> [Source material]
-------------------------

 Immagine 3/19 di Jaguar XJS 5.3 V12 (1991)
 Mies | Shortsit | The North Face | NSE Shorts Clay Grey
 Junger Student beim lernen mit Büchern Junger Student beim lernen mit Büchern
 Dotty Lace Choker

-------------------------

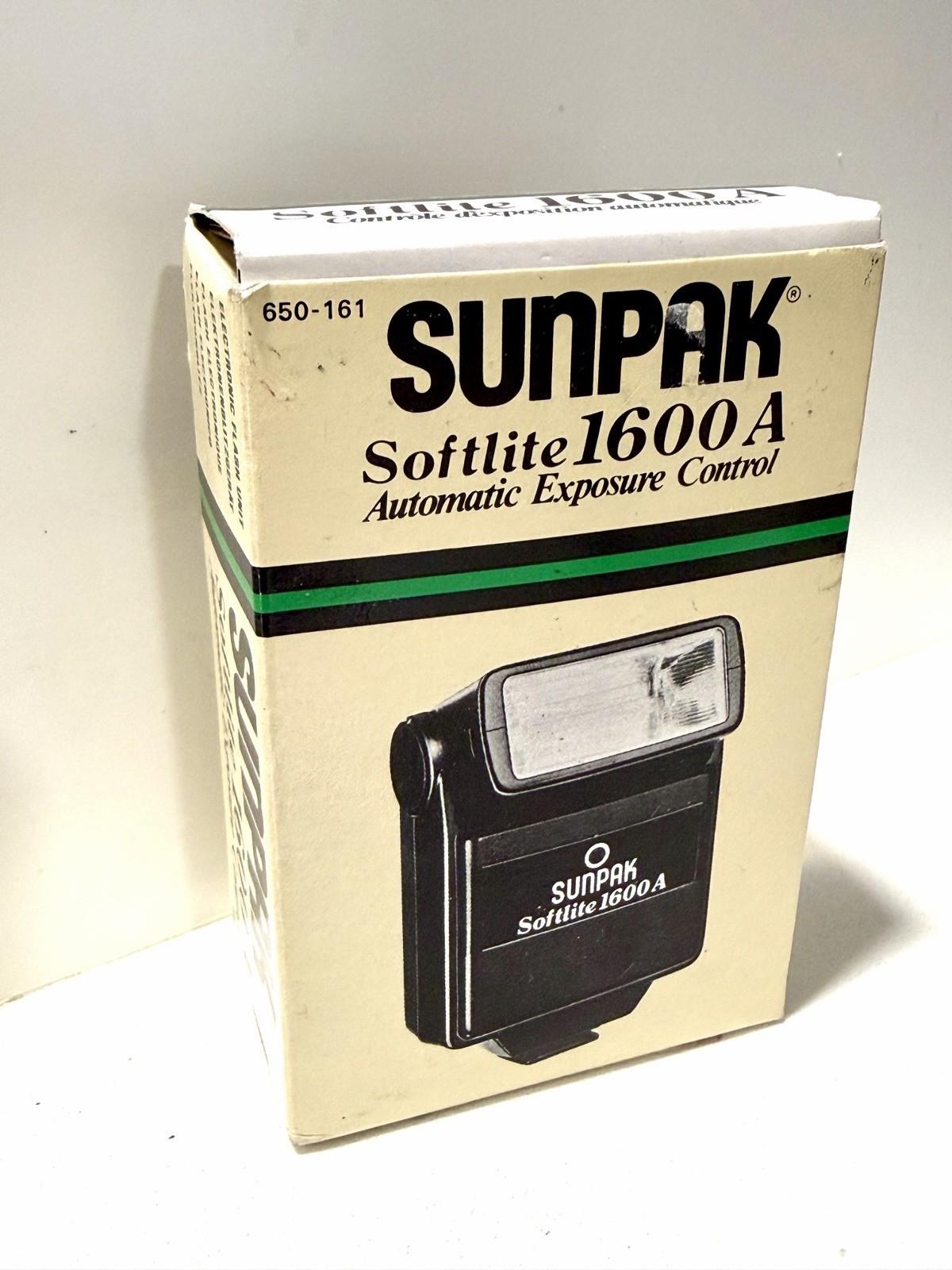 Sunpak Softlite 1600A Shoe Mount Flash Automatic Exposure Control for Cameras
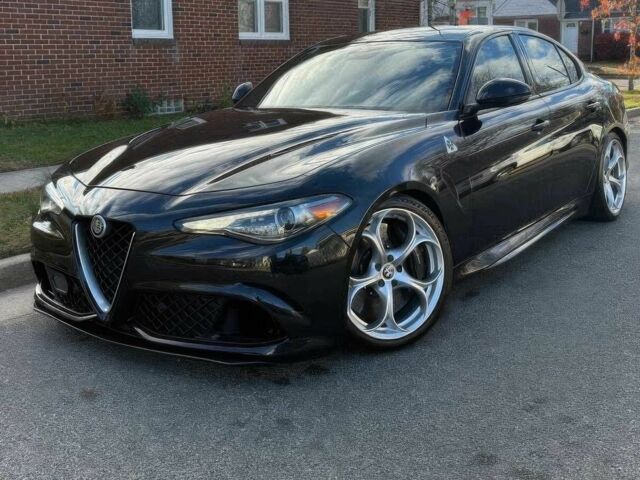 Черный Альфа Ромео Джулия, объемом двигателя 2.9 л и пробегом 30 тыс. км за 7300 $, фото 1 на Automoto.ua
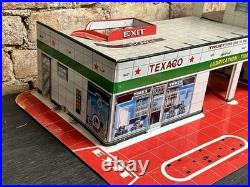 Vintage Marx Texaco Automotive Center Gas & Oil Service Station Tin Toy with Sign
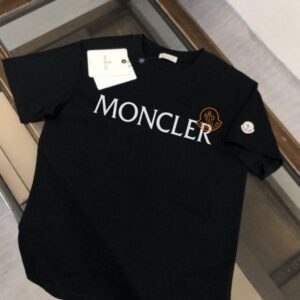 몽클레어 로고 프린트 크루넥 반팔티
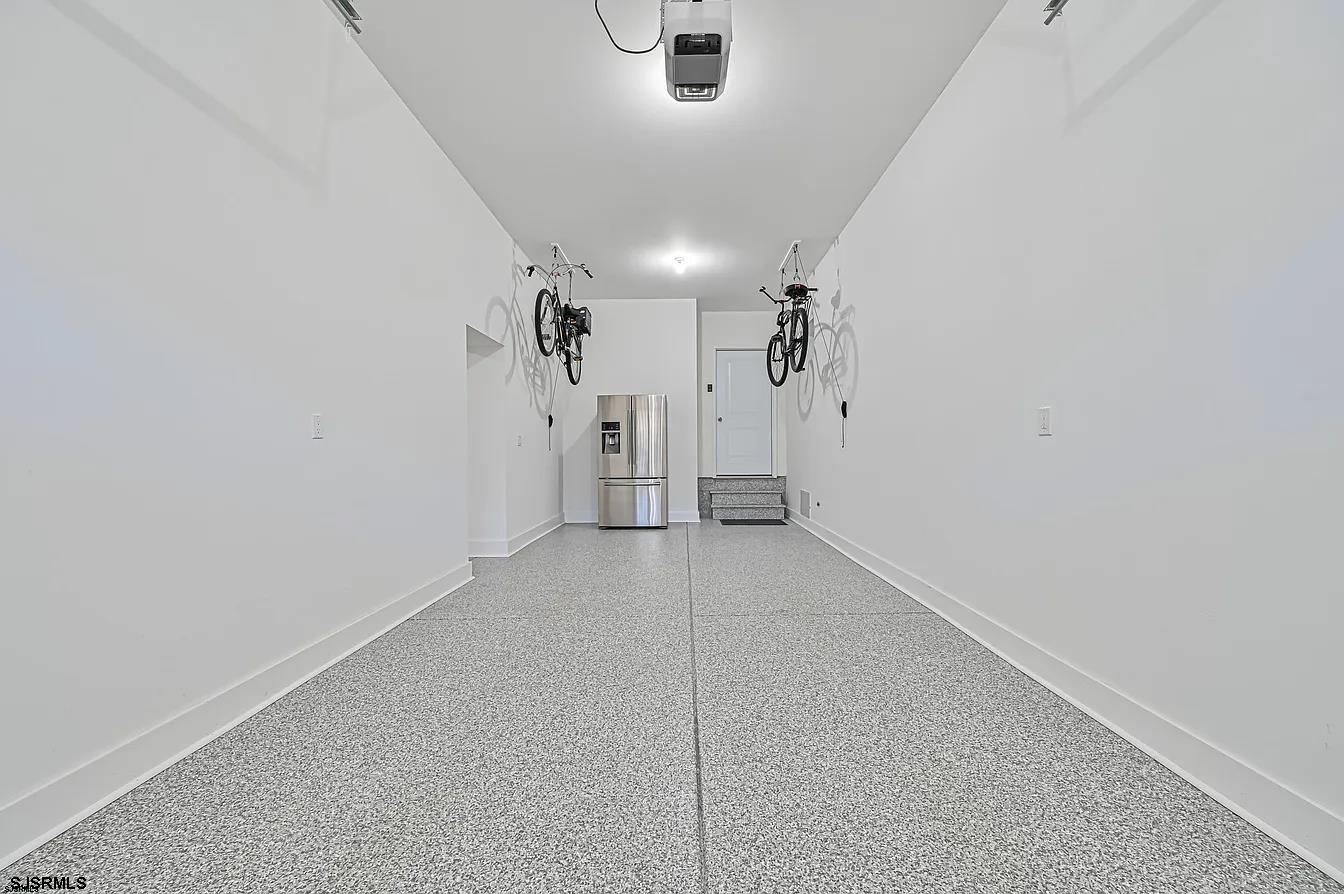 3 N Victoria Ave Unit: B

-------------------------

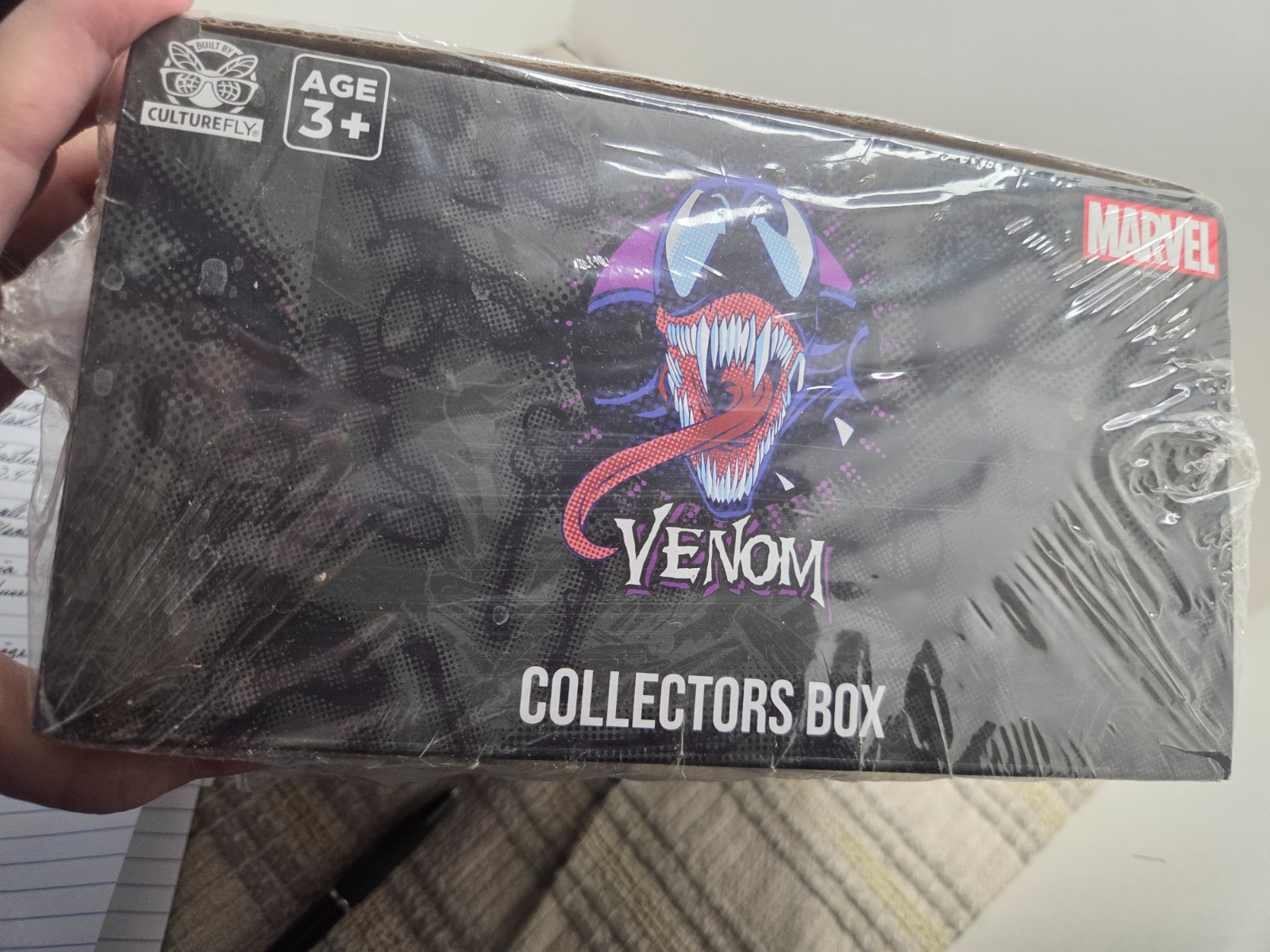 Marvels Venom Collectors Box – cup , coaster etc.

-------------------------

Of the lines above, retype only those from the line containing "Mies | Shortsit" through the line containing "Dotty Lace Choker", including both, exactly.

> [Exercise result]
 Mies | Shortsit | The North Face | NSE Shorts Clay Grey
 Junger Student beim lernen mit Büchern Junger Student beim lernen mit Büchern
 Dotty Lace Choker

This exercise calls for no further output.